### [PROBLEM]
Could you copy word for word only the lines between the one containing "podrulevoi-perekliucatel-v-sbore-skoda-superb-i-art-79876-big-0" and the end of the listing below, both included, and leave out the pictures?

☆ ☆ ☆ ☆

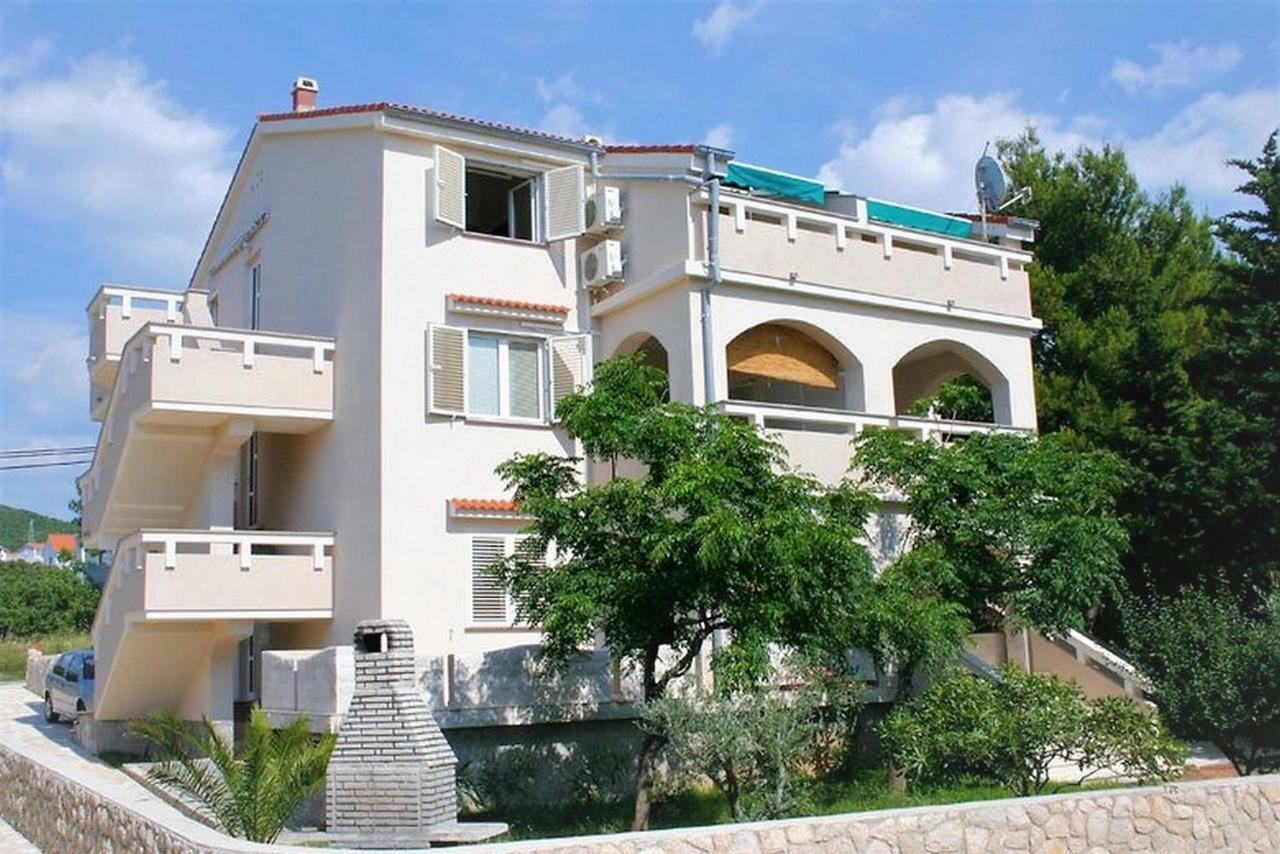 Apartments Vrtlici Stara Novalja Ngoại thất bức ảnh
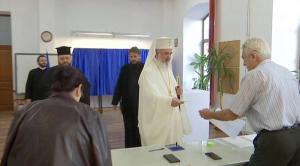 Patriarhul Daniel a votat la referendumul pentru familie: "Participarea la vot este o onoare, un drept şi o binecuvântare"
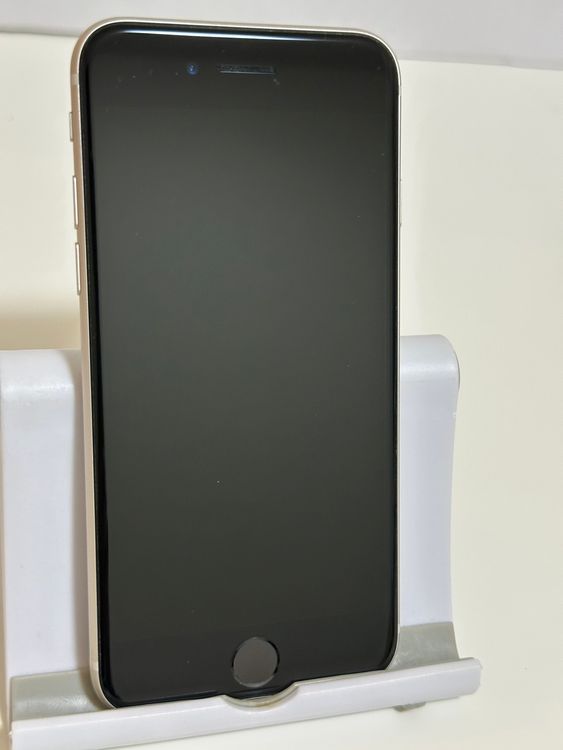������Ʊ�� �Хåƥ꡼87% SIM�ե꡼ iPhoneSE ��3���� 64GB �������饤��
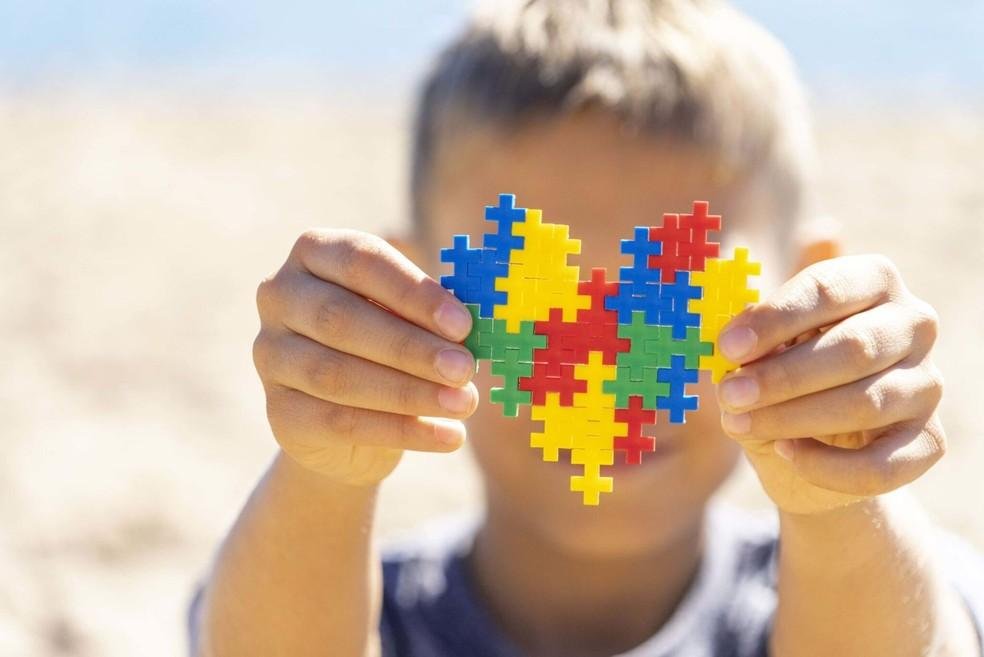 O mês de abril é voltado à conscientização mundial sobre os direitos de Transtorno do Espectro Autista (TEA); o que inclui o benefício que pode reduzir a conta de luz em até 65% para famílias de baixa renda com autistas.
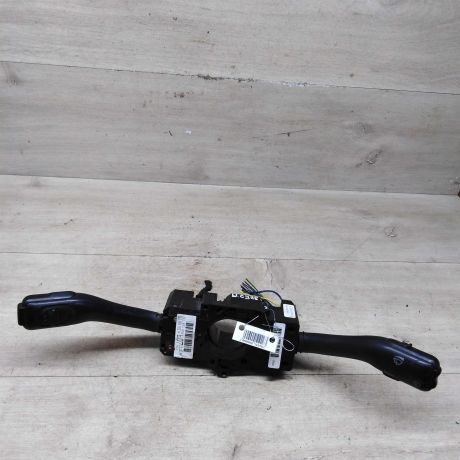 podrulevoi-perekliucatel-v-sbore-skoda-superb-i-art-79876-big-0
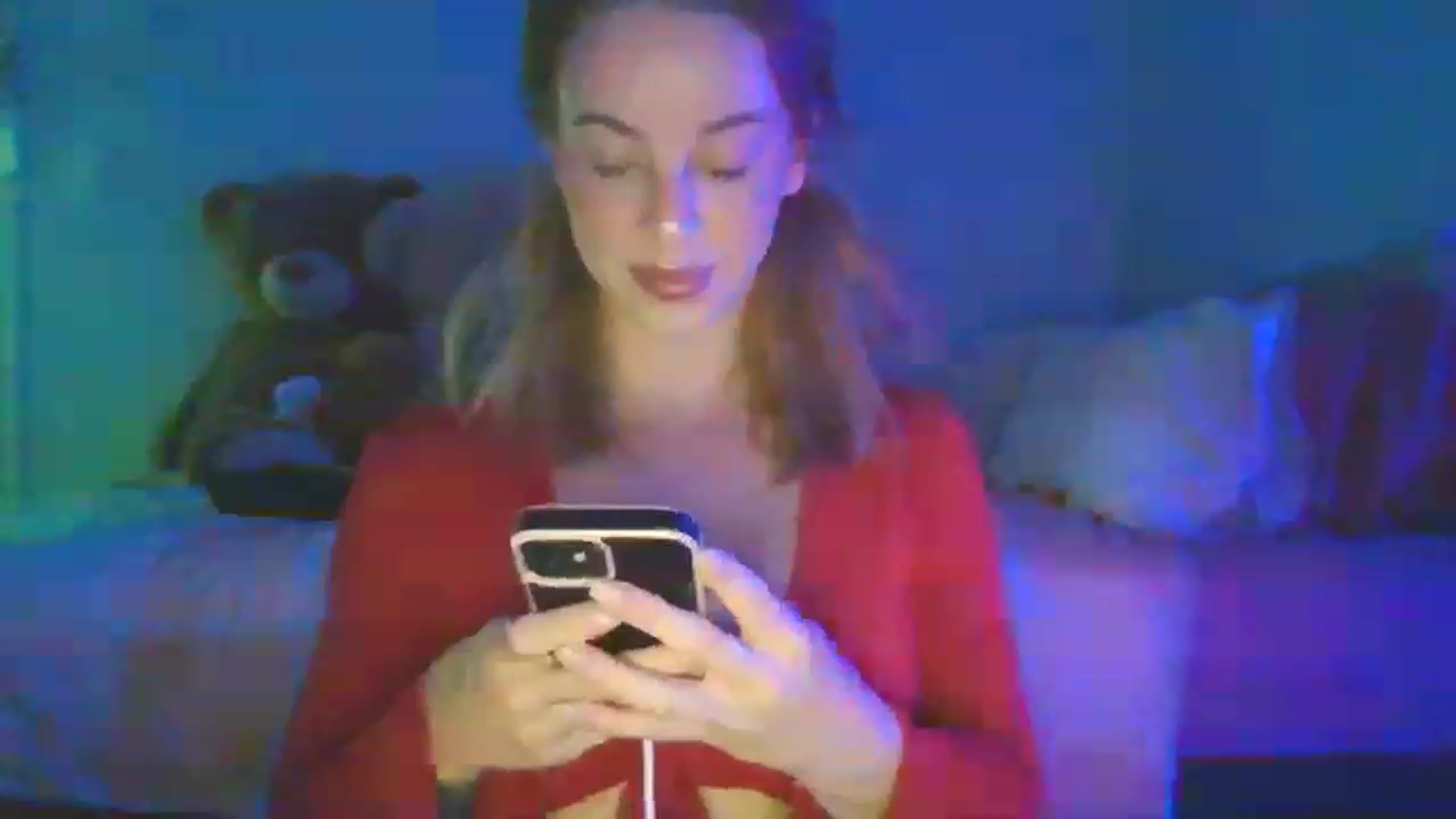 Gallery image thumbnail from Ohhhloulou's myfreecams stream on, 02/13/2023, 11:01 image 2 of 20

☆ ☆ ☆ ☆

### [SOLUTION]
 podrulevoi-perekliucatel-v-sbore-skoda-superb-i-art-79876-big-0
 Gallery image thumbnail from Ohhhloulou's myfreecams stream on, 02/13/2023, 11:01 image 2 of 20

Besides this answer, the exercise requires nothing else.